Furthermore, Justice Jagot held that there is a ‘substantial overlap’ between the applicant’s trade channels and the ‘normal and fair use’ of the respondent’s trade marks permitted by direct selling. Justice Jagot at 31 said:

“The methods of sale within the scope of “direct selling” are more restrictive than the retail channels used by the opponent. Nevetheless, normal and fair use of the respondent’s mark in accordance with the rights to use conferred by registration (in contrast to any particular use) involves substantial overlap with the opponent’s trade channels, particularly in terms of the locations within which sales may occur and marketing of the products. For example: - (i) links to methods of purchase to the products of both the respondent and the applicant may appear on common websites (such as those used by the opponent to sell its goods, particularly those with a focus on babies and toddlers) and (ii) the products may appear for sale close to each other in stores and outlets (even if the selling arrangements is direct by the respondent from her own counter or area and through an intermediary by the opponent”.

Even so, the court had also taken into account the usual principles set down in the legislation to assess whether or not the respondent’s trade mark should proceed to registration. This includes considering the respondent’s trade mark as a whole.

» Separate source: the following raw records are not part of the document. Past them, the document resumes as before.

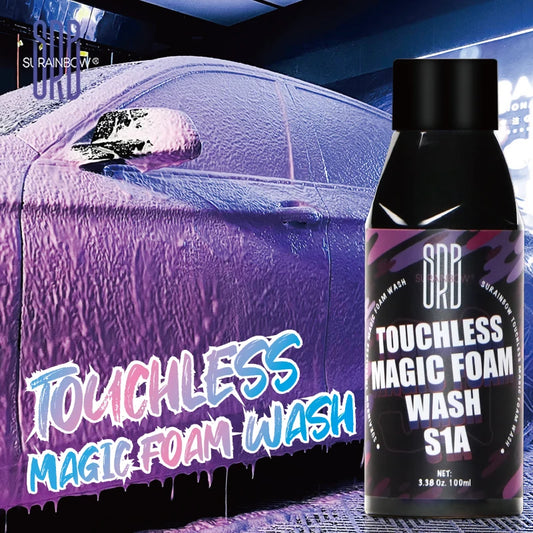 Jabón para lavado de autos con espuma rosa Extreme Bodywash y cera.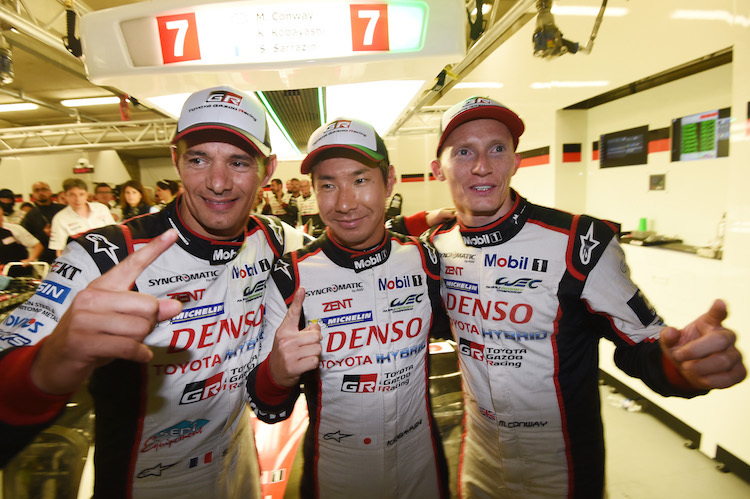 Kamui Kobayashi (Mitte) lässt sich nach seiner tollen Pole-Position in Le Mans feiern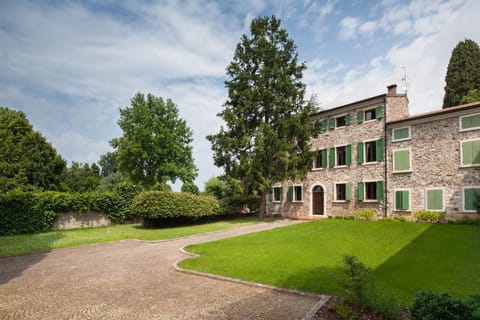 Property building, Facade/entrance, Off site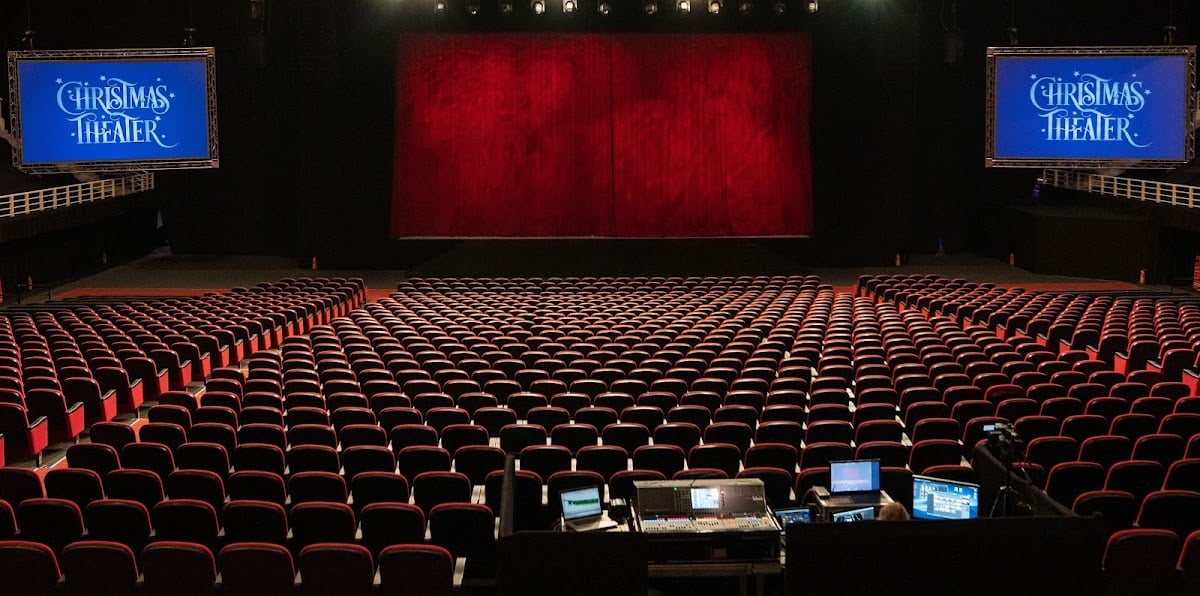 Christmas Theater - Sight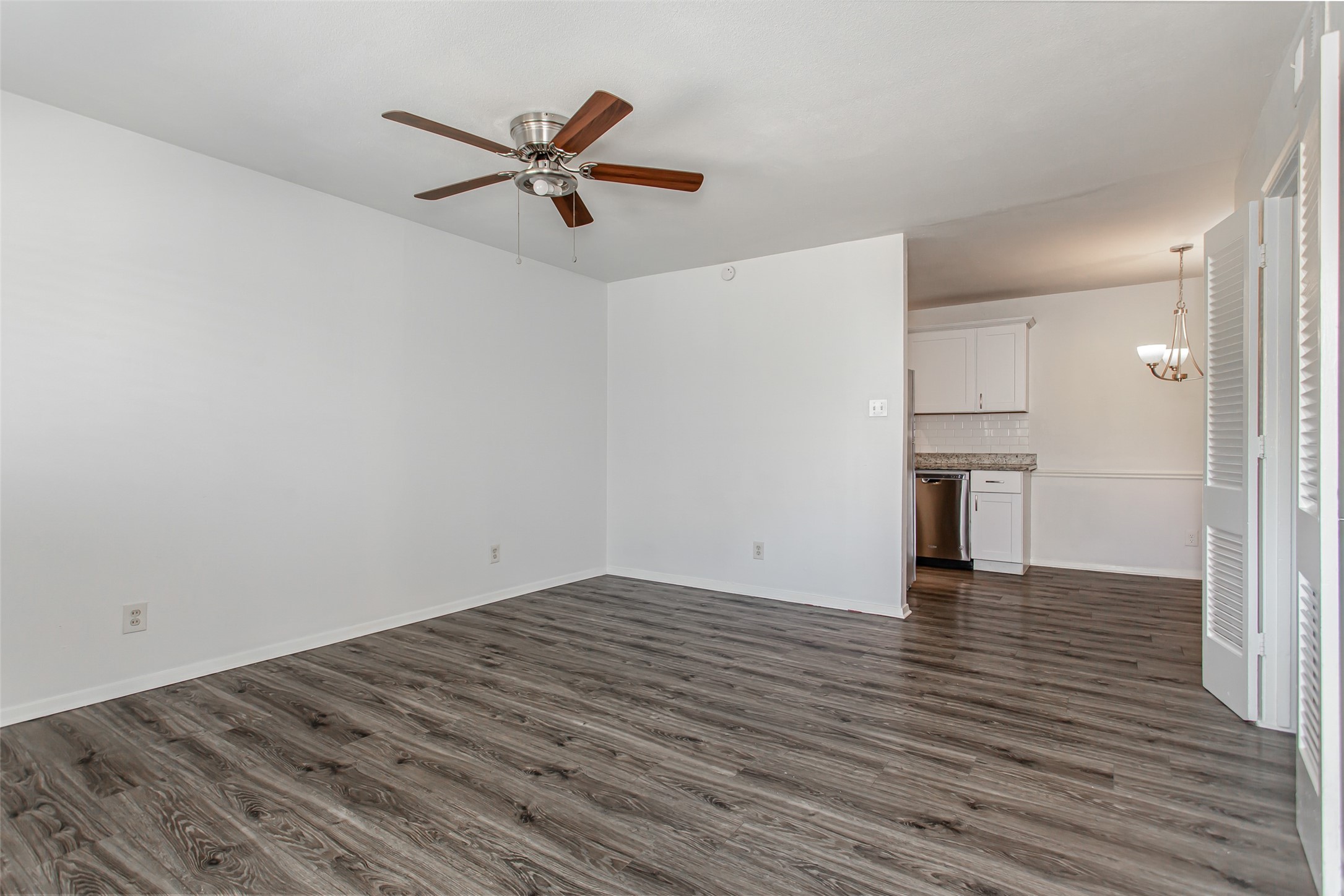 5722 Gaston Avenue Dallas TX 75214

The court found for the applicant under ss. 42, 44, 59 and 60 of the Act, allowed the appeal, ordered that the respondent’s trade mark registration be rejected, that the respondent pay the applicant’s costs of appeal and for the opposition proceeding before the Registrar.

So what?

Consider this quote:

[At 42] “These products are likely to be bought quickly, on a recurrent basis, without much thought (at least after the first occasion for purchase) and, in the case of sales of the opponent’s goods, by reference to the essential brand identifier.”

Fighting with multinationals is good fun but it helps to have: (a) deep pockets; and (b) correctness on your side. One wonders what the applicant was smoking when she decided that applying for HUGGY MUMMY would be a good idea.

Look at it from a marketer’s point of view. The marketing of consumer goods sold on a low value high volume basis is all about peer approval and acceptance, fashion and trust because the ‘switching cost’ of changing brands is minimal. Mass selling is expensive and a multi-national such as Kimberley Clark throws buckets of money at the marketing required to support its brands. Put aside, for a moment, its natural inclination to protect that investment.

Because Kimberley-Clark spent lots of money on marketing, the HUGGIES brand was well known for the goods, so the consumer’s ‘imperfect recollection’ was also taken into account. If consumers are familiar with a mark, its use in relation to particular goods or services is a relevant consideration. There was a ‘real likelihood that some people will wonder’ whether the respondent’s direct selling of the HUGGY MUMMY goods had, as its source, Kimberley-Clark. These are the tests to apply and the commercial considerations when deciding whether to springboard off a large company’s brand.

The admissions from the respondent [at 50] that her trade mark was “only…a business idea at his stage” and was “still a long way off from doing anything” was not a defence: it showed a lack of intention to use the trade mark and was another reason HUGGY MUMMY nappies idea was poo-pooed and has now been disposed of.